Step 3: Display the output for certain variabes
If you were doing this task manually, you would look at the Levels data set and conclude that the first, third, and fifth variables have three or more levels. You could then use the REPLAY statement in PROC document to display those tables. The manual code would look like the following:
/* No automation: Print only OneWayFreqs tables w/ 3 or more levels */ proc document name=RDoc(read); replay \Freq#1\Table1#1\OneWayFreqs#1; /* display Table1 */ replay \Freq#1\Table3#1\OneWayFreqs#1; /* display Table3 */ replay \Freq#1\Table5#1\OneWayFreqs#1; /* display Table5 */ run; quit; |
The observant programmer will notice that these statements are just the result of an algorithm:
- Loop over each row in the Levels data set
- If the NLevels variable is greater than some threshold, output the corresponding table.

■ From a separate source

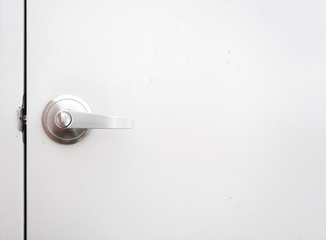 Detail of a metallic knob on white door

You can program that algorithm in the SAS DATA step and generate the corresponding PROC DOCUMENT statements. One way is to write the statements to a text file and then use the %INCLUDE statement to execute the statements. An alternative approach is to use the CALL EXECUTE subroutine to buffer up the statement so that they run when the DATA step terminates, as shown by the following program:
%let L = 3; /* print only OneWayFreqs tables w/ L or more levels */ options source; /* show the statements submitted by CALL EXECUTE*/ title "Replay only the tables that contain &L or more levels"; data _NULL_; set Levels end=EOF; /* implicit loop over rows of the data */ if _N_ = 1 then /* first statement */ call execute('proc document name=RDoc(read);'); if NLevels >= &L then /* replay tables that satisfy condition */ call execute('replay \Freq#1\Table'|| strip(putn(_N_,3)) ||'#1\OneWayFreqs#1;'); if EOF then /* last statement */ call execute('run; quit;'); run; |
The DATA step generates the complete call to PROC DOCUMENT, which executes after the DATA set exits. The result is that one-way frequency tables are conditionally printed. Although PROC FREQ analyzed all the variables, only the tables that have more than three levels are displayed.
If you haven't seen this technique before, it might be a little jarring because you are using a SAS program to write a SAS program. This is an advanced technique, to be sure, but one that can be very useful. It can be adapted to many other situations in which you want to conditionally display certain tables, but you must run the analysis before you know which tables satisfy the condition.